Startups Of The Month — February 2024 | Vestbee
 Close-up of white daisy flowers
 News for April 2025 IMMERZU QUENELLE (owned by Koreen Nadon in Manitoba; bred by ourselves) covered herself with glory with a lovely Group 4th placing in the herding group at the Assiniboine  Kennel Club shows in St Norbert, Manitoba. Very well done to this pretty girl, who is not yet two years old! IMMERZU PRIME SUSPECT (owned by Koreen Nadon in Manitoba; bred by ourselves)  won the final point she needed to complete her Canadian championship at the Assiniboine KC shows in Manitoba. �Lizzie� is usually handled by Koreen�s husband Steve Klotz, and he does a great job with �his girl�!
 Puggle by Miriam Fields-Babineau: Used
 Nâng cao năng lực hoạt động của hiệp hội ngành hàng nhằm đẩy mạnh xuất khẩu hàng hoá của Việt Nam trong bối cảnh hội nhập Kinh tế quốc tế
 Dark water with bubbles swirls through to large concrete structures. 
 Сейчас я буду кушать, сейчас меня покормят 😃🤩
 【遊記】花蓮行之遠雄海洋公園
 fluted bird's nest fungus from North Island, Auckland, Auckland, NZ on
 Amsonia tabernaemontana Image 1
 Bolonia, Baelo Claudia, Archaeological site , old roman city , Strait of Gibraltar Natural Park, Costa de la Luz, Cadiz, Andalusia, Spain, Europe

_Exercise instructions_:
Print the complete listing again, exactly as it stands.

_Answer for the task_:
Startups Of The Month — February 2024 | Vestbee
 Close-up of white daisy flowers
 News for April 2025 IMMERZU QUENELLE (owned by Koreen Nadon in Manitoba; bred by ourselves) covered herself with glory with a lovely Group 4th placing in the herding group at the Assiniboine  Kennel Club shows in St Norbert, Manitoba. Very well done to this pretty girl, who is not yet two years old! IMMERZU PRIME SUSPECT (owned by Koreen Nadon in Manitoba; bred by ourselves)  won the final point she needed to complete her Canadian championship at the Assiniboine KC shows in Manitoba. �Lizzie� is usually handled by Koreen�s husband Steve Klotz, and he does a great job with �his girl�!
 Puggle by Miriam Fields-Babineau: Used
 Nâng cao năng lực hoạt động của hiệp hội ngành hàng nhằm đẩy mạnh xuất khẩu hàng hoá của Việt Nam trong bối cảnh hội nhập Kinh tế quốc tế
 Dark water with bubbles swirls through to large concrete structures. 
 Сейчас я буду кушать, сейчас меня покормят 😃🤩
 【遊記】花蓮行之遠雄海洋公園
 fluted bird's nest fungus from North Island, Auckland, Auckland, NZ on
 Amsonia tabernaemontana Image 1
 Bolonia, Baelo Claudia, Archaeological site , old roman city , Strait of Gibraltar Natural Park, Costa de la Luz, Cadiz, Andalusia, Spain, Europe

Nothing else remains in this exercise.